James “Whitey” Bulger, who is facing trial for 19 murders after spending 16 years on the run from authorities, can’t claim he had an immunity deal with the U.S. Justice Department before he went underground, a judge ruled.
U.S. District Judge Denise Casper in Boston today denied Bulger’s bid to tell jurors he negotiated immunity in the 1980s from a federal prosecutor who is now deceased.
“Bulger’s claimed immunity is not a defense to the charged crimes to be presented to the jury at trial,” she said in a 31- page ruling. “The issue of immunity is not an issue for the jury.”
Bulger, 83, said he won immunity from former prosecutor Jeremiah O’Sullivan, who led organized-crime prosecutions decades ago. O’Sullivan said during a congressional investigation that he once excluded Bulger as a defendant in a mob prosecution charging his gang with fixing horse races.
The judge said Bulger needs to present proof of his immunity claim to the court. His attorneys argued that the jury could review the claim.
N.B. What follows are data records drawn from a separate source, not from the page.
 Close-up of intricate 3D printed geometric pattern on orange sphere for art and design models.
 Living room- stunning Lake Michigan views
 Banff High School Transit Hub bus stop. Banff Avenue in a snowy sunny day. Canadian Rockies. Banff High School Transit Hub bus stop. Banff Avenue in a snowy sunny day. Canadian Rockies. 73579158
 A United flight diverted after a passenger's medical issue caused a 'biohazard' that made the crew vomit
“No showing has been made here and Bulger has declined to make a further proffer to support his contention,” the judge wrote.
His trial is scheduled to begin in June. He’s charged with committing 19 murders as part of a sprawling racketeering conspiracy conducted while he was an FBI informant. He denies he was ever an informant.
Prosecutors argued Bulger’s immunity claim was a fantasy. No Justice Department official can confer what amounts to “a license to kill,” the government said in court filings.
Casper’s ruling mirrors findings by a previous judge, who was ordered by an appeals court to step aside after the defense asked for his removal because he was a top federal prosecutor in the 1980s.
Bulger was found in Santa Monica, California, in 2011 after hiding out as a fugitive for 16 years.
Bulger’s attorney J.W. Carney Jr. wasn’t immediately available for comment today.
The case is U.S. v. Bulger, 99-10371, U.S. District Court, District of Massachusetts (Boston).